_Data section_.
● ● ●
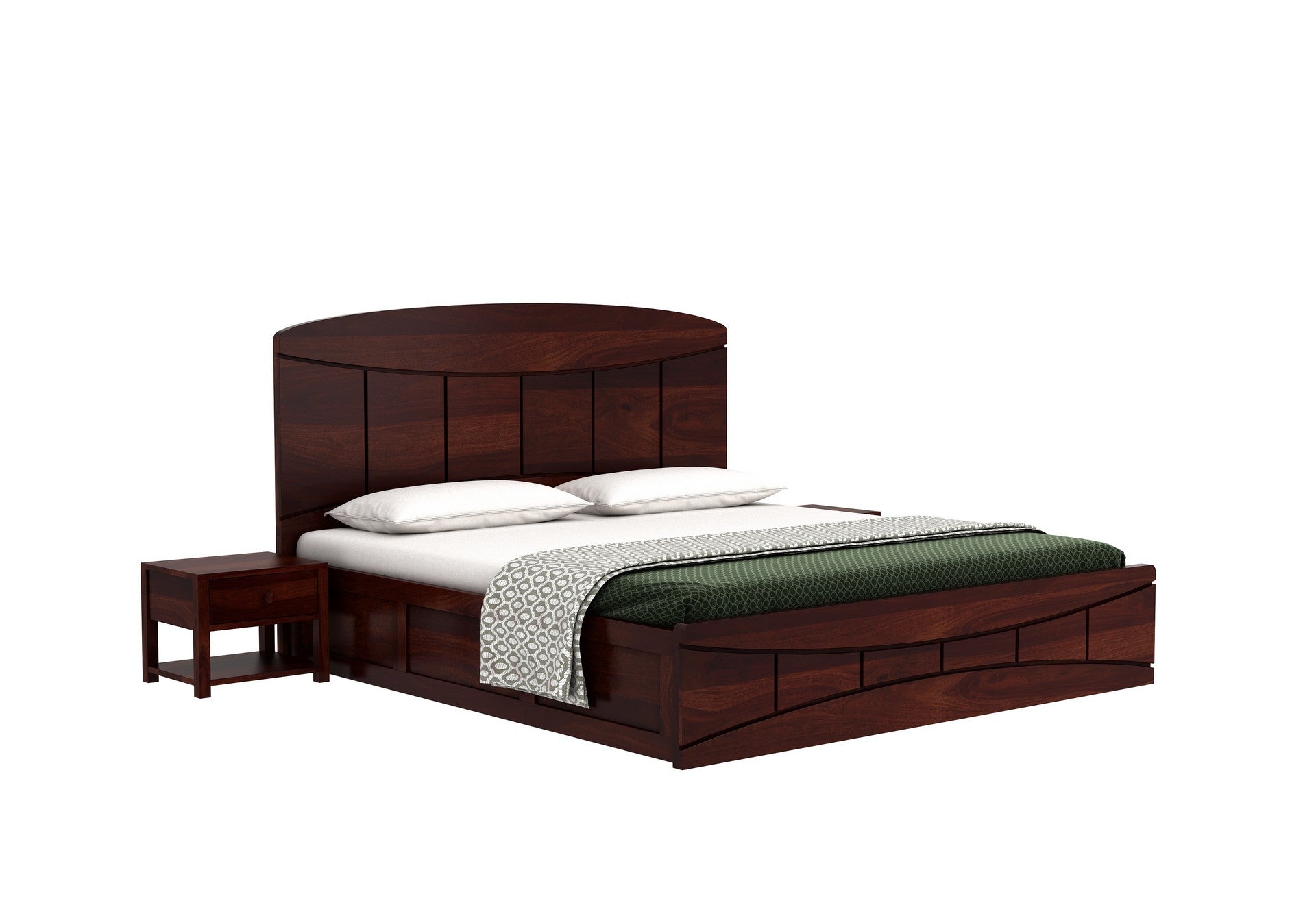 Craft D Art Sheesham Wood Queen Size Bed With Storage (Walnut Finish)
● ● ●
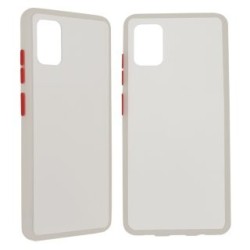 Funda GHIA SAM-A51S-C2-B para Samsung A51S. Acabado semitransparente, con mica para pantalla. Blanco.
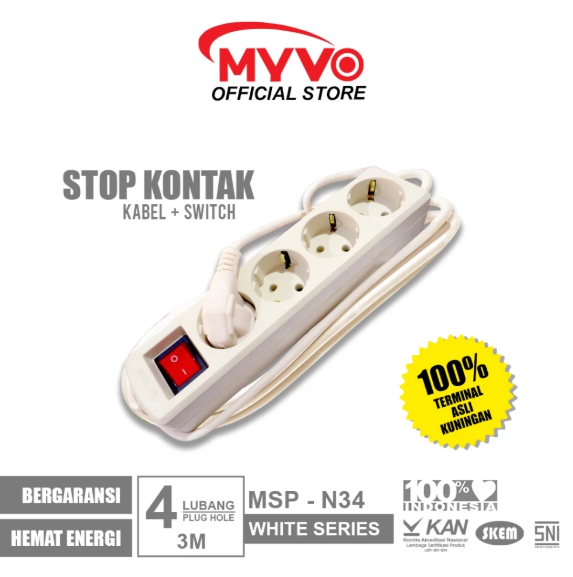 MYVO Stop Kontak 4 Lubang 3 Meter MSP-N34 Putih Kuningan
● ● ●
Only the lines between the one with "Funda GHIA SAM-A51S-C2-B" and the one with "MYVO Stop Kontak", those two included, get copied from the material above. Keep it exact and free of pictures.

_Exercise output_.
 Funda GHIA SAM-A51S-C2-B para Samsung A51S. Acabado semitransparente, con mica para pantalla. Blanco.
 MYVO Stop Kontak 4 Lubang 3 Meter MSP-N34 Putih Kuningan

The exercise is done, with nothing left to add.